At Best Buy’s annual meeting earlier this week, 98 percent of shareholders endorsed the retailer’s executive compensation in the nonbinding “say-on-pay” vote, according to results that the company filed with the Securities and Exchange Commission.
That is a big improvement from 2012, when only 38 percent gave Best Buy a thumbs up on that measure. That vote came during a period of upheaval for Best Buy, between the resignation of CEO Brian Dunn and the hiring of Hubert Joly to run the Richfield-based electronics retailer.
Shareholders were particularly upset at that time by a separation package valued at more than $4 million given to Dunn, who resigned amid allegations that he used company resources to carry on an affair with a female employee.

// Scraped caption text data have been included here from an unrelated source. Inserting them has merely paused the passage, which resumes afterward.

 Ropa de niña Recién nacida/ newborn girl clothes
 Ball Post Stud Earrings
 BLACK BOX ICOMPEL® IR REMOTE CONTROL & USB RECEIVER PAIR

Questions also were raised about stock and retention bonuses given to top executives that were not linked to performance standards.
After that low say-on-pay vote, the company made changes such as narrowing its noncompete clauses to one year and saying executives would lose cash and stock options if they quit under pressure or were fired.
Last year, shareholders approved the say-on-pay vote by 83 percent.
In recent years, the company also has been more active in reaching out to shareholders to discuss its compensation practices and has been more closely tying pay to performance. For example, last year, the company increased the performance share of Joly’s long-term bonus from a third to a half.
This year, proxy advisers Institutional Shareholder Services and Glass, Lewis & Co. both recommended a “yes” vote on Best Buy’s executive compensation.
ISS noted that the company has improved its disclosure of metrics used for short-term bonuses and that Joly’s total compensation declined 38 percent last year, bringing his pay to just above the median of the company’s peer group.
While Glass, Lewis sanctioned the compensation overall, it still noted some concerns such as that long-term bonuses are linked to just one performance metric and that Best Buy uses companies in its peer group that are more than twice the size of its market capitalization, which can inflate pay.
Three other proposals presented to shareholders at Best Buy’s annual meeting on Tuesday also passed by wide margins. Seven directors were easily re-elected, garnering more than 95 percent of votes.
Shareholders also ratified the selection of Deloitte & Touche to be Best Buy’s public accounting firm and approved a stock and incentive plan for employees.